Like the spoils of the British Museum, the creatures immured here by the Natural History Museum are an imperial bounty. “We’re still trying to understand the scale of the slaughter from the early 20th century,” Sabin says. “But as a byproduct of that, parts of these collections were built, and we don’t deny those histories.” We all know the British state has a number of skeletons in its closet; very few of us knew those skeletons were so large.

As we close our tour, I ask if Sabin has any whale material at home. He doesn’t. In fact, Sabin keeps his whale madness strictly confined to this room and his work with the strandings programme. His house is not decorated with pictures of whales. He doesn’t dream about them either. “There’s such a lot attached to these specimens,” he says, “the stories and, in many cases, the brutality. You have to step back from it.”

I leave the collection, and emerge into the first sunny day of the new year. Looking down at my feet, I see the pavement and, below that, thousands of whale bones. When I began this project, I never expected dead whales to be this mobile. They seemed to have embedded themselves at every level of society. Like it or not, they’ve become a vital part of our collective consciousness.

Ducking into a café, I realise that the chunk of blue whale is still in my pocket. Suddenly, I picture Riley, Barnett, Jarvis, the receiver, Sabin, all marching along together, leading a trail of cetacea behind them. A ballad of skeletons stretching back in a long merry line. Somewhere in the distance, a car backfires and a stranded whale explodes, blubber rains down. Almost instinctively, I feel the need to be rid of the fragment of bone I’ve been ferrying or to return it somehow to the sea.

Over the past few months, the whales have bent my life under the weight of their massive bodies. These days, it almost feels claustrophobic, like something’s waiting for you out to sea, trying to get close. I’ve seen it time and again while researching this piece. The whales have made their mark.

For a long time, I’ve been sizing up whether to attend a stranding myself. But, apart from the many logistical challenges, something’s been holding me back. There’s that lingering question: if I attend, will I become wedded to the whales for ever? Will I move to the coast, searching for updates on strandings message boards? Will I become my own Ahab?
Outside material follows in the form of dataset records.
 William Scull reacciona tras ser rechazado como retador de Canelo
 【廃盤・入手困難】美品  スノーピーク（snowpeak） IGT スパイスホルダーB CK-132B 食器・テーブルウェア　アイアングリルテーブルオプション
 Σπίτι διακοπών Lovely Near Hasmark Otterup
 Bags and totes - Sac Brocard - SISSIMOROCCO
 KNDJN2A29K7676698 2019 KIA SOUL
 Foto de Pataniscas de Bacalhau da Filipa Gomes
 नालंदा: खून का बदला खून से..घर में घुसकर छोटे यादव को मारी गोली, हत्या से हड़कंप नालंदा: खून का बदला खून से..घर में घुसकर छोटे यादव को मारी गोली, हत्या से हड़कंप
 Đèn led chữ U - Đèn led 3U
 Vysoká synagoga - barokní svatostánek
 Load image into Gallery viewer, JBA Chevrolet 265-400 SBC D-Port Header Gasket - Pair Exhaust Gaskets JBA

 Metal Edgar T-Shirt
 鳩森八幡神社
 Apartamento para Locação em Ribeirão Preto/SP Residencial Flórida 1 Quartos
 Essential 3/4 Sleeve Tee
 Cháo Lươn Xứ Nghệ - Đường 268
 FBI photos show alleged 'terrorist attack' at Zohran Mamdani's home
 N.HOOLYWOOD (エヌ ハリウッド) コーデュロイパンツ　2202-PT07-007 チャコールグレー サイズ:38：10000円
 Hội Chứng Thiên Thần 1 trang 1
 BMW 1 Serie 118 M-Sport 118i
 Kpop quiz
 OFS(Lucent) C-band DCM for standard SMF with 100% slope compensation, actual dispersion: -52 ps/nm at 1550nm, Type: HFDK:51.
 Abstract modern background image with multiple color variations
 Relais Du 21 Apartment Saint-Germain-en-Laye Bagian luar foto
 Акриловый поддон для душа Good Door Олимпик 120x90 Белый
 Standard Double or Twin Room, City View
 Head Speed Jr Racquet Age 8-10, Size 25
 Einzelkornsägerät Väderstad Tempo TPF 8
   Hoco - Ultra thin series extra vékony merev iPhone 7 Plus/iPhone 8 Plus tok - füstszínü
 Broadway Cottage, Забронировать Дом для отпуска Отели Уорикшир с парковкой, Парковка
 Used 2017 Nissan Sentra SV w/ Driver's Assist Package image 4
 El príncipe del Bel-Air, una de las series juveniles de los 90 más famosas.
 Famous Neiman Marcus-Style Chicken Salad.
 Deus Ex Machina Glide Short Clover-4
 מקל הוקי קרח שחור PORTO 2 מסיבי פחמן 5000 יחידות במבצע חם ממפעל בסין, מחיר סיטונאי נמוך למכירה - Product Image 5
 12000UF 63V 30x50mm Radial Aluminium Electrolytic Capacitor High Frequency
Riley, Barnett, Jarvis, Sabin and the British state all share one thing in common: a run-in with an enormous stranded whale. An encounter which, to varying degrees, has shaped the rest of their lives. To paraphrase an ancient casket, it seems that those who visit the sad terror king return never quite the same as when they left. Before I know it, I’ve flushed the bone down the toilet. It’s a solemn moment. The water swells; it spins; white surf beats against its sides; then all collapse, and the great shroud of toilet water rolls on as it rolled last time I used it, five hours ago.